Fig. 7: Case 1: uniformly generated random task sets.



#### **Case 2 Results**



(a) Schedulability vs Utilization (SPM size = 64 kB / DMA throughput = 1.0 GB/s) (b) Weighted Schedulability vs SPM size (DMA throughput = 1.0 GB/s) (c) Weighted Schedulability vs DMA throughput (SPM size = 64 kB)

Fig. 8: Case 2: heavy load task sets with 'disparity' using 50% of the system utilization.



# **Results Summary**

- Case 1: The streaming model results in an improvement up to 16% for the weighted schedulability compared the non streaming mode.
- Case 2: The streaming model results in an improvement up to 33% for the weighted schedulability compared the non streaming mode.
- The schedulability improves at the beginning as the SPM size increases since larger SPM sizes cause less segmentation and hence less overhead and less blocking from lower priority tasks.

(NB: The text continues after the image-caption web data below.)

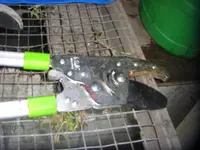 CIMG3125.webp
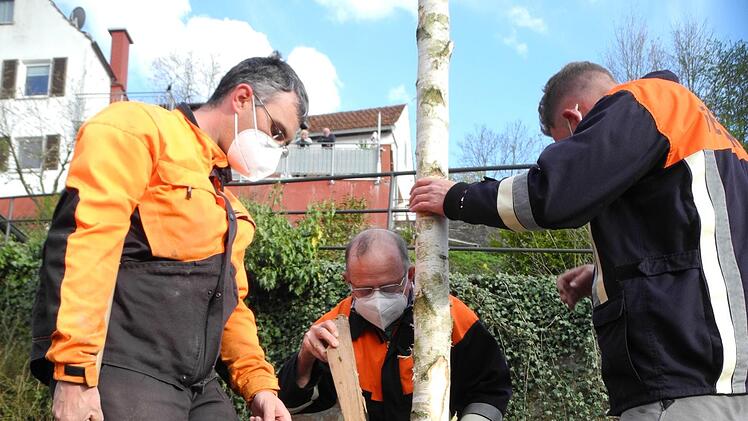 Keile helfen, den aufgerichteten Baum zu fixieren. Foto: ssp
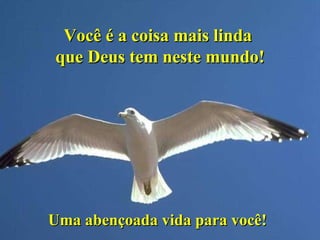 Uma abençoada vida para você! Você é a coisa mais linda  que Deus tem neste mundo! 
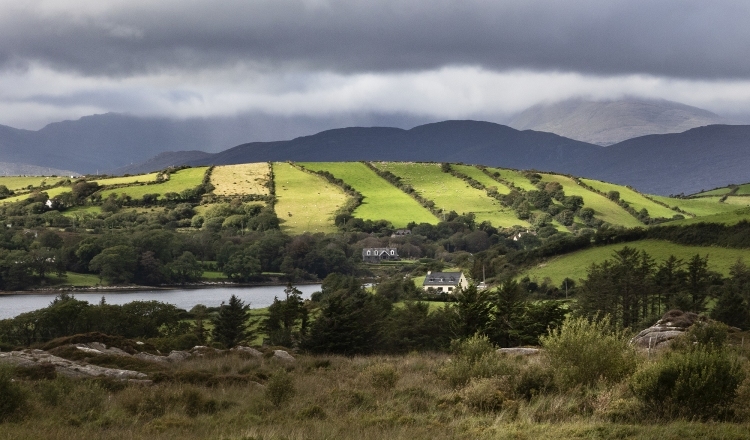 Irish Countryside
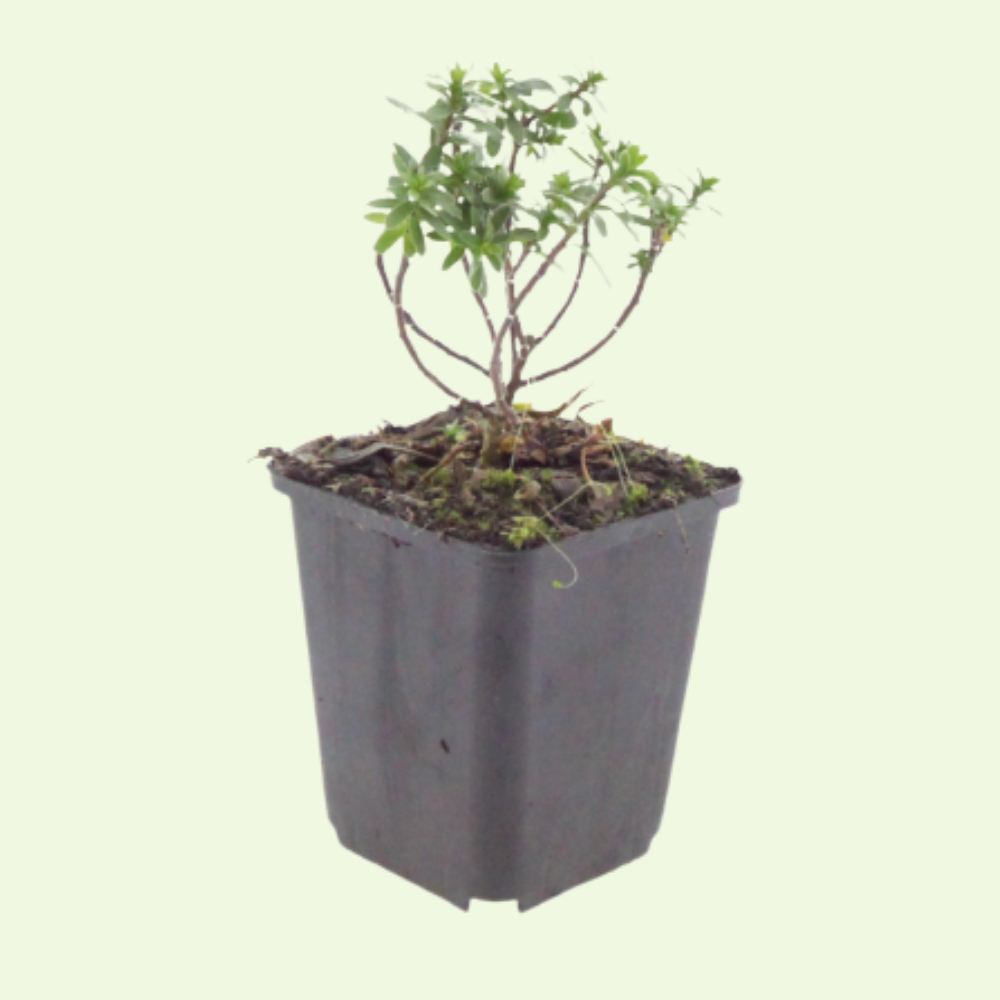 3 Scheefbloem ‘Iberis sempervirens Schneeflocke’ Ø9 cm ↕15 cm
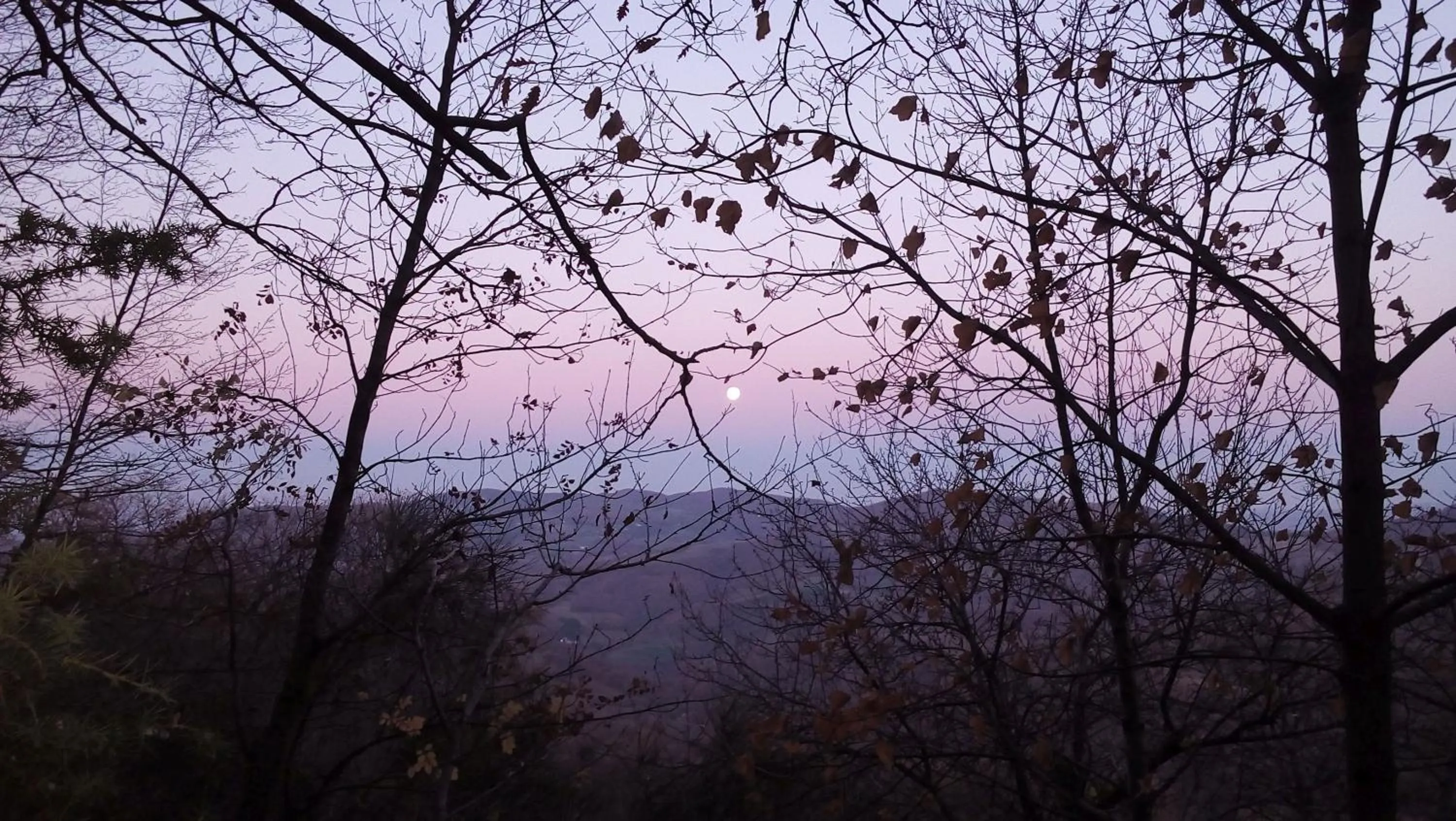 Natural landscape in B&B BOSCOVECCHIO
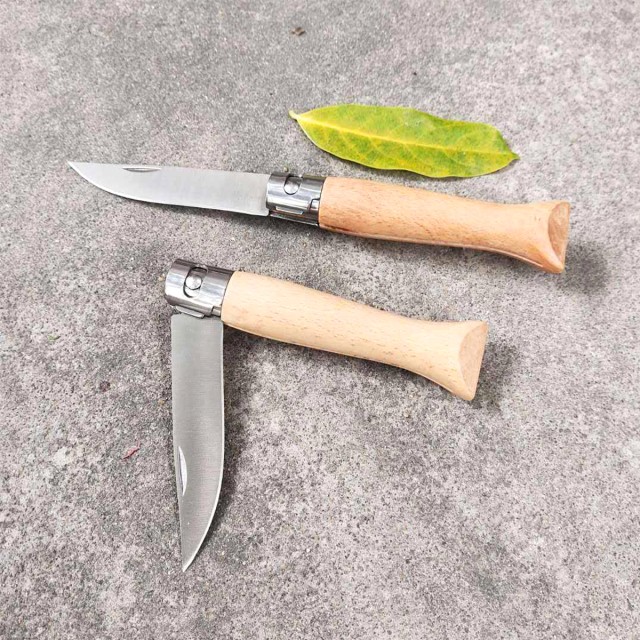 Household Wooden Handle Fruit Knife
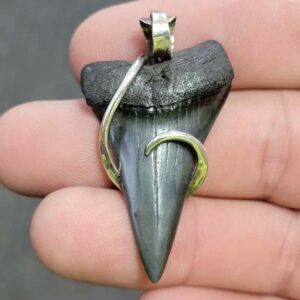 Silver Hook Wrapped  Extinct Great White Shark Tooth Pendant - JTEXTGWSILVERHW-01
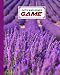 Dots And Boxes Game: Premium Lavender Floral Cover Dots And Boxes Game, A Classic Strategy Game - Large and Small Playing Squares, 120 Pages, size 8" x 10" by Tilo Nagel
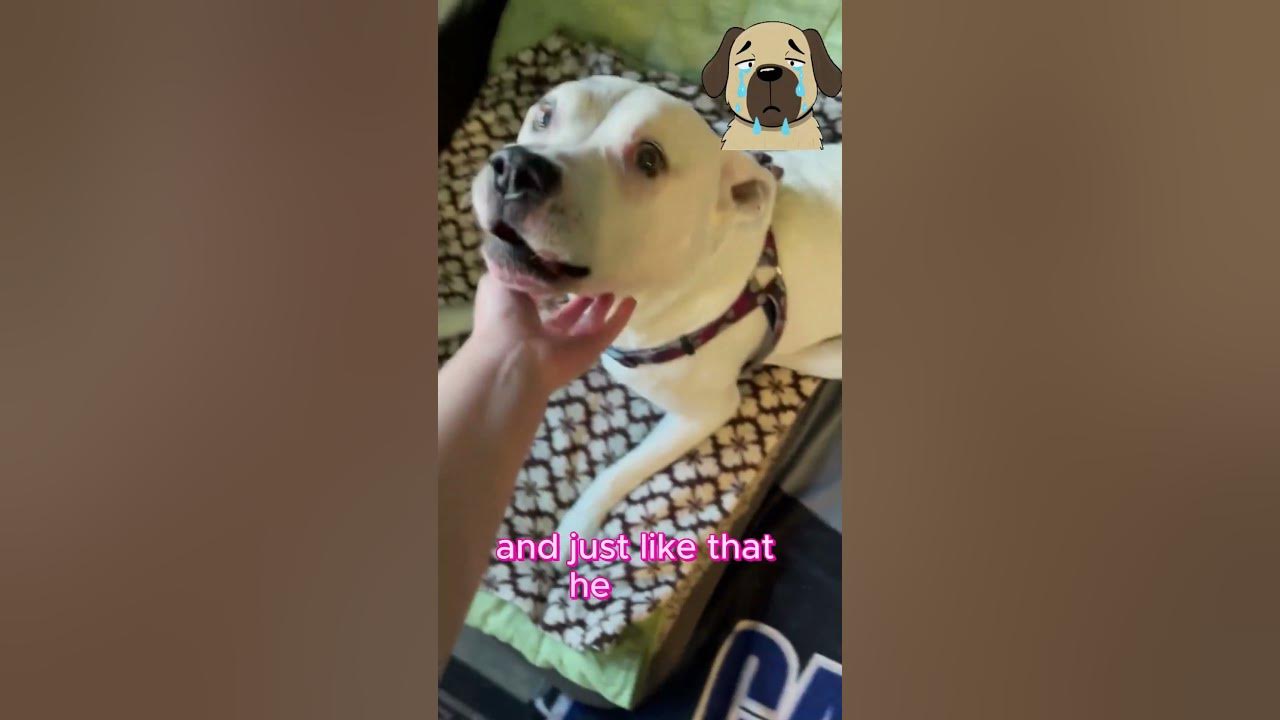 This Blind Dog Couldn't See or Hear. Until He Smelled His Owner 💔🐶" #DogLove #dogshorts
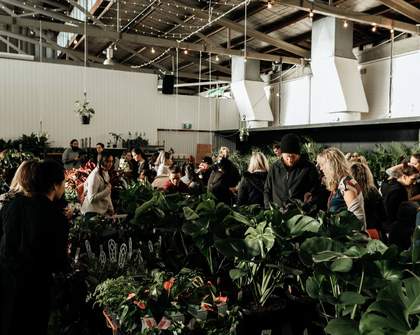 Huge Indoor Plant Warehouse Sale: Rare Plant Party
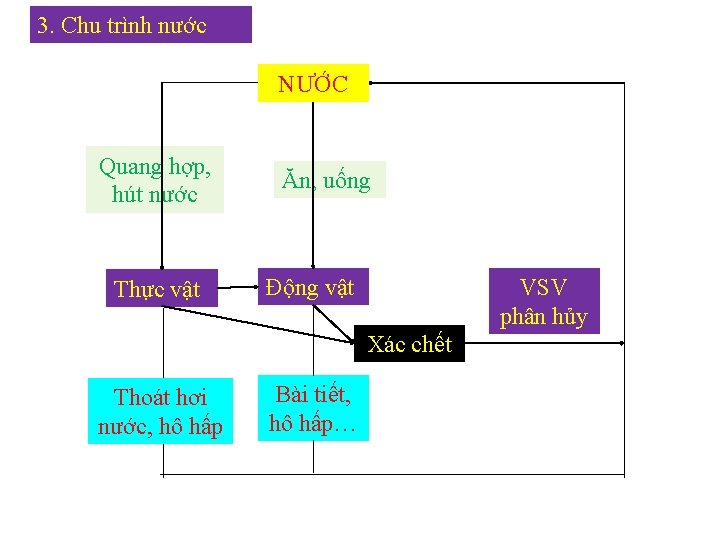 3. Chu trình nước NƯỚC Nước Quang hợp, hút nước Thực vật Ăn, uống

Then, the performance peaks and starts to decline as large SPM sizes imply large DMA times due to the fixed-time assumption used in the analysis; this causes under-utilization of the segments with smaller execution time.
- Increasing the DMA throughput improves the schedulability as the impact of the DMA time on the response time of the tasks is reduced.
- The effect of the overhead on the schedulability is minimal and becomes only relevant at high DMA throughput when segment length is shorter.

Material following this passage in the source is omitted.